- [TASK GOAL]: Within the data that follows, set down exactly the lines from the one containing "indonesian-polychrome-chess-set (7)" through the one containing "Certified 2022 Land", both ends included.
[WORKING DATA — start]
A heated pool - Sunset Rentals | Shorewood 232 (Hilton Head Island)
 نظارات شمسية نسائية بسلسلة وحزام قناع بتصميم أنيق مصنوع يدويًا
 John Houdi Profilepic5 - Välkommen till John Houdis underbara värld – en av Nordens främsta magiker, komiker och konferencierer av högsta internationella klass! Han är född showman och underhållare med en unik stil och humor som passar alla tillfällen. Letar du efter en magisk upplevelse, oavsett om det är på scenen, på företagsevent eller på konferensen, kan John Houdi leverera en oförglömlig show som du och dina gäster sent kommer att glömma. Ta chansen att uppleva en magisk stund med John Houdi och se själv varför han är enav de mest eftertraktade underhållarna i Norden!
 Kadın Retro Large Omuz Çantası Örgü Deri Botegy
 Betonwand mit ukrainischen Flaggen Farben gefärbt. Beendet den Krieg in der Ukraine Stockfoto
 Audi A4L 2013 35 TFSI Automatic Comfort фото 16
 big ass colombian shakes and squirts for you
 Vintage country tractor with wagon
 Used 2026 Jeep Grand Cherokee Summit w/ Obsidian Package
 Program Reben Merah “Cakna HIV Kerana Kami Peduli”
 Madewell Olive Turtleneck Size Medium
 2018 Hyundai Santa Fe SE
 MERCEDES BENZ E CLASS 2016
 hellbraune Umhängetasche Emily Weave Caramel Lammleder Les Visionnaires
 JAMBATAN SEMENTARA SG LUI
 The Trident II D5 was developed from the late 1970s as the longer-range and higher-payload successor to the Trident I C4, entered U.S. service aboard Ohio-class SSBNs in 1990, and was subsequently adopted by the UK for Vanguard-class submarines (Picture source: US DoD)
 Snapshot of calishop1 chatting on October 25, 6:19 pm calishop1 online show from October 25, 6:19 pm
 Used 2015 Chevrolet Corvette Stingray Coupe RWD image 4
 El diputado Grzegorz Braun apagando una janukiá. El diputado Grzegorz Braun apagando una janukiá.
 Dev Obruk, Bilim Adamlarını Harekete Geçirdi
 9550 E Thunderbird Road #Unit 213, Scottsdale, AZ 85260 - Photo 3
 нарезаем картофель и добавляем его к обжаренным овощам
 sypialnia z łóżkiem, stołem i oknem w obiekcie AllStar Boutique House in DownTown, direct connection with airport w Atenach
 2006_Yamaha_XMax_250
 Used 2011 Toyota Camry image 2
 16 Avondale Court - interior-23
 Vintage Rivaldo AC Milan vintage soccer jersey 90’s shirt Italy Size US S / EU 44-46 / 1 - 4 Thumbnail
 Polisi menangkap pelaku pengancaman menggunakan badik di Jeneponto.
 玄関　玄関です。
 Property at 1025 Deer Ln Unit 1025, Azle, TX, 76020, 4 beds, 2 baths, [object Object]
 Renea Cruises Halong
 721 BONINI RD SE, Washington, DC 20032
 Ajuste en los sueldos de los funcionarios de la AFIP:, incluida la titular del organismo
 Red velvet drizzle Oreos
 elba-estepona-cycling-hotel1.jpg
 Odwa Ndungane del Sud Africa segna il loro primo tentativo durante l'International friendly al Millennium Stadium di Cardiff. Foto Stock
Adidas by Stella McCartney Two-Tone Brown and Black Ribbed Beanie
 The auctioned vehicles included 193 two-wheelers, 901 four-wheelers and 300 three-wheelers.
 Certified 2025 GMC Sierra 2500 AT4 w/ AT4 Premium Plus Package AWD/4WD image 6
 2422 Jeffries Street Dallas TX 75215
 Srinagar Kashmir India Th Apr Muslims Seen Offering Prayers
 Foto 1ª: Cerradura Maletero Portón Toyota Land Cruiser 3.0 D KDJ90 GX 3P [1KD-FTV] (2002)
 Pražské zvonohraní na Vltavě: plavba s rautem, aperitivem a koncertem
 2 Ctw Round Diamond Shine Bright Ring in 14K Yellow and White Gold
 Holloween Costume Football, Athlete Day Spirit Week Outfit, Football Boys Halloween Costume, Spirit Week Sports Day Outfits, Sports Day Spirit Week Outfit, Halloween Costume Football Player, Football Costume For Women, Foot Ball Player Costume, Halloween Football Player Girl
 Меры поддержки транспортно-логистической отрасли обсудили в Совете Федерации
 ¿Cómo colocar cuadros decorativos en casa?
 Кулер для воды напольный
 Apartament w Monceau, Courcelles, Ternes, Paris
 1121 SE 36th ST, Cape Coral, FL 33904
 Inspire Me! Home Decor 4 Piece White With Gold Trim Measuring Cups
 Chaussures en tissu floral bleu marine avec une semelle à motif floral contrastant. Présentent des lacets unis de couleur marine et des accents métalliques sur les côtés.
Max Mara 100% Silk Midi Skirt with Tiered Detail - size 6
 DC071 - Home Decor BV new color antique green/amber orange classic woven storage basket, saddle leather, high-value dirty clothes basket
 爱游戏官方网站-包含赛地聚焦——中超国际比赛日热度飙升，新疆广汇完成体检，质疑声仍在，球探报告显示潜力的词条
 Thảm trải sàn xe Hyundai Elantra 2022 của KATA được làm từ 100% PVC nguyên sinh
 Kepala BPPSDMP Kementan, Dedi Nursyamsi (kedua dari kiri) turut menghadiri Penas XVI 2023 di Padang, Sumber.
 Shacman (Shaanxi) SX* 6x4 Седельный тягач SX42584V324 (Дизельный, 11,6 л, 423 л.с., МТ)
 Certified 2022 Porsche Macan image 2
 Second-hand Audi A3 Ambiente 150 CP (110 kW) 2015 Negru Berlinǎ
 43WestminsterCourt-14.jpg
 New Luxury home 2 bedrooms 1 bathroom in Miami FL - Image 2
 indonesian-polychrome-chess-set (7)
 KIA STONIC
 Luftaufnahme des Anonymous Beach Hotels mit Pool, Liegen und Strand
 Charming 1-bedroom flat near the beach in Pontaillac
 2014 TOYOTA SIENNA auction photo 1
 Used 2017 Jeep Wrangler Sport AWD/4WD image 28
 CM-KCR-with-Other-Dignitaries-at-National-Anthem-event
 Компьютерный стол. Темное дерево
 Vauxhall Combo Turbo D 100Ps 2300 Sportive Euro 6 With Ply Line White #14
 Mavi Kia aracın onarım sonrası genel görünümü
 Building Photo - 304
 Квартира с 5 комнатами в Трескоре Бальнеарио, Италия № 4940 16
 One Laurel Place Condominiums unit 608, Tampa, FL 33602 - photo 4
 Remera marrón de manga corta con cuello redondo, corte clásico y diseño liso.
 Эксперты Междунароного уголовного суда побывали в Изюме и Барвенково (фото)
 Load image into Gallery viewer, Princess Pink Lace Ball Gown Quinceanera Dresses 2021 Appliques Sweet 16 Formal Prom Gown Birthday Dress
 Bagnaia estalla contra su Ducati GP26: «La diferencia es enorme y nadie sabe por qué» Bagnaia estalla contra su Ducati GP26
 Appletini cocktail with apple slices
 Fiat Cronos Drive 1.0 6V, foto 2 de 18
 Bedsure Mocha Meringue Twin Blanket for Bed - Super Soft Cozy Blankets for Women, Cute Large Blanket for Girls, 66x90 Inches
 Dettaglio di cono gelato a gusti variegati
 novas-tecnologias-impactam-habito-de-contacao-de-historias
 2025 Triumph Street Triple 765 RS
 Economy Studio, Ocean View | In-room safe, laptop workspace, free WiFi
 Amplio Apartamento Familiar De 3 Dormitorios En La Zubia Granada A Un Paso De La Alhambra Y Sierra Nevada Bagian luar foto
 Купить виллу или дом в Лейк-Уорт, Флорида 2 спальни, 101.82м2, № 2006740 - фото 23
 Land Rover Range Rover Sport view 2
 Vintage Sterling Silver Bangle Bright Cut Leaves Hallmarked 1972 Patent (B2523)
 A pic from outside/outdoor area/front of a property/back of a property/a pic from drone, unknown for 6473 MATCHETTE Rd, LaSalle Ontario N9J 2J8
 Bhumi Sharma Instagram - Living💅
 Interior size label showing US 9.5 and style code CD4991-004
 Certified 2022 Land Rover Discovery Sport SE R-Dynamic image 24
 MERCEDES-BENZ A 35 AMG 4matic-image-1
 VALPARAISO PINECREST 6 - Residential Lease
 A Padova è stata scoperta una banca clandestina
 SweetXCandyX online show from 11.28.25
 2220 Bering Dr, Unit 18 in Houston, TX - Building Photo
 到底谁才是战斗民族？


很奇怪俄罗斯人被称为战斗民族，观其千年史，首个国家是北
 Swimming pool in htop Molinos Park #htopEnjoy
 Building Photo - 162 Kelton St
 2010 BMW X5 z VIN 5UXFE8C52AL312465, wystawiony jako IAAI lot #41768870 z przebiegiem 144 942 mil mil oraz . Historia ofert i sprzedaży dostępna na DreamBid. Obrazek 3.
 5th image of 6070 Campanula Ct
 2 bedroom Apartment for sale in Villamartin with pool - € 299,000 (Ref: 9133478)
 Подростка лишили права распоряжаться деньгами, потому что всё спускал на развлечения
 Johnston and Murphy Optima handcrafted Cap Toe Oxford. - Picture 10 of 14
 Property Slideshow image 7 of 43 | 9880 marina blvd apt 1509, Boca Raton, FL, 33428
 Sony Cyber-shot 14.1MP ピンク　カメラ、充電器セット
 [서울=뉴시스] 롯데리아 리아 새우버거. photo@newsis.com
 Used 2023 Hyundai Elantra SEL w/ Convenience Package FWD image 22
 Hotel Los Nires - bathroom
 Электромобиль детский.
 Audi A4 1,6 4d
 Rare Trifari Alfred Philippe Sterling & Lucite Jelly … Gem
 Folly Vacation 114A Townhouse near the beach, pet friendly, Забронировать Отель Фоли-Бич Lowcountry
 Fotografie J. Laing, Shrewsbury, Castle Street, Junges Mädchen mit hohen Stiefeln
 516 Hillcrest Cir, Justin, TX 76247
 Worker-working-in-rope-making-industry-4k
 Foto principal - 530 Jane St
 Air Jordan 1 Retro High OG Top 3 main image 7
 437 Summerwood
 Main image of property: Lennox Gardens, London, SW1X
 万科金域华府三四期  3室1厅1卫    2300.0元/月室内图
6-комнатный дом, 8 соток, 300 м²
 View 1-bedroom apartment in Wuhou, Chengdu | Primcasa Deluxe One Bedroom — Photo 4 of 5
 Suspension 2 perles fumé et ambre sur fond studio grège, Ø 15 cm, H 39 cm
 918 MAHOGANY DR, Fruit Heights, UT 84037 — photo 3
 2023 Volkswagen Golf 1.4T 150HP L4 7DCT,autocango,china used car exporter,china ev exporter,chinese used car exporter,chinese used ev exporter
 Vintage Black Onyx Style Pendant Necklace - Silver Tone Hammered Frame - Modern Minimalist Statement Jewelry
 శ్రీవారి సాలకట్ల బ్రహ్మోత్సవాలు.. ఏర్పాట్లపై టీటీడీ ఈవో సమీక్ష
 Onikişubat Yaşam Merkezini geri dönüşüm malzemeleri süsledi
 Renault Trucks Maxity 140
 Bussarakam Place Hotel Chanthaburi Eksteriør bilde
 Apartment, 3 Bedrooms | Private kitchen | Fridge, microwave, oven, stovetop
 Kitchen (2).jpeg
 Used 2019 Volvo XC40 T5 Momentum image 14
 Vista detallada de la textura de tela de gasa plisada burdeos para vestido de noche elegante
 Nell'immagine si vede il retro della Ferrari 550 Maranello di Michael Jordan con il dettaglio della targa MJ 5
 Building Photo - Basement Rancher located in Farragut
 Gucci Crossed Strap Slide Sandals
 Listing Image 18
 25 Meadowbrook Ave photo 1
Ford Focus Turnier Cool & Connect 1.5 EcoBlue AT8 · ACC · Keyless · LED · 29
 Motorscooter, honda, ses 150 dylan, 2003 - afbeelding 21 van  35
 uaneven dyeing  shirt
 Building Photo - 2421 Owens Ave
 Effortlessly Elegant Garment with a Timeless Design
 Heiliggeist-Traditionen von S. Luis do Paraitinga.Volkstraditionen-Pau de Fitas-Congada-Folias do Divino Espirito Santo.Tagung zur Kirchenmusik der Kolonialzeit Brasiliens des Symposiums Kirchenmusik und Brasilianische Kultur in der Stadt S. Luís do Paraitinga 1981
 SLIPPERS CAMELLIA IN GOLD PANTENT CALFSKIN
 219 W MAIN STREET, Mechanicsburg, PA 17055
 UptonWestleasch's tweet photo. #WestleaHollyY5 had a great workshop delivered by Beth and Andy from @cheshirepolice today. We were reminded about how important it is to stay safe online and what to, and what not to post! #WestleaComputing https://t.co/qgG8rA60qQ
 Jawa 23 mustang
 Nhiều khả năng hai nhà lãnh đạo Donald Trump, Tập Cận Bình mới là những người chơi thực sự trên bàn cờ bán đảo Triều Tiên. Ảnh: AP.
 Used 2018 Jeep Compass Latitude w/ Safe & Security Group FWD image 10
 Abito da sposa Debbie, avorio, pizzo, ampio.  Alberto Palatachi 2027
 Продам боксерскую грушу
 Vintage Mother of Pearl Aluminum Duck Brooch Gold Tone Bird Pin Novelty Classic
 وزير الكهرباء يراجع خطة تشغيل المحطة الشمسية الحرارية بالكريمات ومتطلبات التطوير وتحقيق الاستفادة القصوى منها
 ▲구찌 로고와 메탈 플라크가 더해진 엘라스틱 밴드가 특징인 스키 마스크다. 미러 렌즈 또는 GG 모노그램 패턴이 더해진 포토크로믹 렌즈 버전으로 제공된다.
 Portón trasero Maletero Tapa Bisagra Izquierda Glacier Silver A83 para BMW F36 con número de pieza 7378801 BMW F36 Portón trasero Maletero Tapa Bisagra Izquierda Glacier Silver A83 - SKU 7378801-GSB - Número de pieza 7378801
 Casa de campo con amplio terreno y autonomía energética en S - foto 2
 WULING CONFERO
[WORKING DATA — finish]
- [RESULT OF THE TASK]:
 indonesian-polychrome-chess-set (7)
 KIA STONIC
 Luftaufnahme des Anonymous Beach Hotels mit Pool, Liegen und Strand
 Charming 1-bedroom flat near the beach in Pontaillac
 2014 TOYOTA SIENNA auction photo 1
 Used 2017 Jeep Wrangler Sport AWD/4WD image 28
 CM-KCR-with-Other-Dignitaries-at-National-Anthem-event
 Компьютерный стол. Темное дерево
 Vauxhall Combo Turbo D 100Ps 2300 Sportive Euro 6 With Ply Line White #14
 Mavi Kia aracın onarım sonrası genel görünümü
 Building Photo - 304
 Квартира с 5 комнатами в Трескоре Бальнеарио, Италия № 4940 16
 One Laurel Place Condominiums unit 608, Tampa, FL 33602 - photo 4
 Remera marrón de manga corta con cuello redondo, corte clásico y diseño liso.
 Эксперты Междунароного уголовного суда побывали в Изюме и Барвенково (фото)
 Load image into Gallery viewer, Princess Pink Lace Ball Gown Quinceanera Dresses 2021 Appliques Sweet 16 Formal Prom Gown Birthday Dress
 Bagnaia estalla contra su Ducati GP26: «La diferencia es enorme y nadie sabe por qué» Bagnaia estalla contra su Ducati GP26
 Appletini cocktail with apple slices
 Fiat Cronos Drive 1.0 6V, foto 2 de 18
 Bedsure Mocha Meringue Twin Blanket for Bed - Super Soft Cozy Blankets for Women, Cute Large Blanket for Girls, 66x90 Inches
 Dettaglio di cono gelato a gusti variegati
 novas-tecnologias-impactam-habito-de-contacao-de-historias
 2025 Triumph Street Triple 765 RS
 Economy Studio, Ocean View | In-room safe, laptop workspace, free WiFi
 Amplio Apartamento Familiar De 3 Dormitorios En La Zubia Granada A Un Paso De La Alhambra Y Sierra Nevada Bagian luar foto
 Купить виллу или дом в Лейк-Уорт, Флорида 2 спальни, 101.82м2, № 2006740 - фото 23
 Land Rover Range Rover Sport view 2
 Vintage Sterling Silver Bangle Bright Cut Leaves Hallmarked 1972 Patent (B2523)
 A pic from outside/outdoor area/front of a property/back of a property/a pic from drone, unknown for 6473 MATCHETTE Rd, LaSalle Ontario N9J 2J8
 Bhumi Sharma Instagram - Living💅
 Interior size label showing US 9.5 and style code CD4991-004
 Certified 2022 Land Rover Discovery Sport SE R-Dynamic image 24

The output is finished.